In some cases, the headlong rush to distance an organization from procedures at United Way headquarters means that important lessons are being ignored.
Organizations that have categorically rejected any similarity between themselves and United Way of America are missing the boat. Before too quickly distancing themselves from United Way of America practices, every non-profit should carefully look for similarities. Only then can meaningful lessons be learned.
Most non-profits in our region do not begin to approach the immoral compensation levels of William Aramony, the former head of UWA, and his associates. In fact, as I've written before, most non-profit executives are poorly compensated. But compensation is not the most critical lesson arising from the United Way debacle.
The issue of accountability is far more fundamental to non-profits. And every non-profit must face it now or confront serious problems.
Executives in a for-profit corporation, by and large, are held accountable for their performance. They must account to their directors and shareholders. When specific business objectives are not met there's often hell to pay. Of course, there are exceptions to this rule, but even Roger Smith, formerly General Motors' top boss, has had his knuckles rapped for forgetting about the accountability thing.
Unfortunately, non-profits have not developed the same self-discipline as for-profit companies, which go out of business if the bottom line bleeds too long.
Too many non-profits do not set specific, measurable, time-limited goals for themselves every year and every quarter as their for-profit counterparts do. If a non-profit serves youths at risk, how many will it help this year? If it provides after-school tutoring, what percentage of the youths will it aim to raise at least one grade level in their major subjects?

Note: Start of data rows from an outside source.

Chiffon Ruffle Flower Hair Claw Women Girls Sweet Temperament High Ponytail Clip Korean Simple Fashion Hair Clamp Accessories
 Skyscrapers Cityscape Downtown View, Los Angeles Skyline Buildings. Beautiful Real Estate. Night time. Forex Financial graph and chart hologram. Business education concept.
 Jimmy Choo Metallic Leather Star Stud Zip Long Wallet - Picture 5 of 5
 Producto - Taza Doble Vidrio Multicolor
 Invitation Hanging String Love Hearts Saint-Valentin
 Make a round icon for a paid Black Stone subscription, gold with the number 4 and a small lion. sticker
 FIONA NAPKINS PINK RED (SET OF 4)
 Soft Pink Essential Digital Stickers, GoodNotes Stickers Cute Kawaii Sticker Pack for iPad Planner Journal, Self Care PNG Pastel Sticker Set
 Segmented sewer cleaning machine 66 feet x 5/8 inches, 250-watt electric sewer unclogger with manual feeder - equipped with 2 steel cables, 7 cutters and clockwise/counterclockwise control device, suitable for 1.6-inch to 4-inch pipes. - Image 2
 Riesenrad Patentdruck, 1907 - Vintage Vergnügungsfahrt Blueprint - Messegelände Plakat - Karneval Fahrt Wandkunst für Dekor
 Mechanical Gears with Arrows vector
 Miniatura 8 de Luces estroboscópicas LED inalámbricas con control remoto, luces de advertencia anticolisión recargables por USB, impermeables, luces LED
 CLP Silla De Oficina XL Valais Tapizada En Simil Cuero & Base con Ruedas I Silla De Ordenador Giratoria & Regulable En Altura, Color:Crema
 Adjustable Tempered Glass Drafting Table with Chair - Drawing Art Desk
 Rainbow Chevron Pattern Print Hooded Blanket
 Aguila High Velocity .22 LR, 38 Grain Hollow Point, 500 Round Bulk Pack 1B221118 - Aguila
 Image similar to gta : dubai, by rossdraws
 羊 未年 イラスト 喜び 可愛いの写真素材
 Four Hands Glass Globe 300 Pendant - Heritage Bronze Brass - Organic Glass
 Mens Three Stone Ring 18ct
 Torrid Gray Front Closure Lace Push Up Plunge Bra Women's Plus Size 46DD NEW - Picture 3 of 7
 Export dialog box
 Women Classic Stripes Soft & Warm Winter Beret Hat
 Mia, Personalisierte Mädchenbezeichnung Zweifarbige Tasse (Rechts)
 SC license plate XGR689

Are staff members accountable for their work? Do they set annual and quarterly goals and objectives? Are these goals and objectives reviewed? Are staff members rewarded for exceeding goals?
Unfortunately, even if a non-profit does have these accountability standards in place, it rarely translates them to its board.
Boards that are serious about their work set examples for the entire organization. They also set goals and objectives in areas of policy, skill development, CEO oversight -- and most critically nowadays -- in fund-raising. United Way of America-type disasters can be triggered when a board does not have such accountability standards.
Whether non-profits recognize it or not, watchdog agencies and donors will increasingly demand accountability.
And why not? A charitable organization has an obligation to deliver on the promise of public trust.
Years ago, it was enough simply to do "good works." In today's highly competitive philanthropic environment, that standard is not enough. The non-profits that set specific objectives and provide donors with data on accomplishments -- or lessons learned from their failures -- will thrive, not just survive.
Recent media attention focused on non-profit executive compensation and perks has been useful. But the deeper issue is accountability.
When non-profits set high standards, have an open management and disclosure style, and hold themselves fully accountable, donors will support adequate compensation for employees.
Les Picker, a consultant in the field of philanthropy, works with charitable organizations and for-profit companies.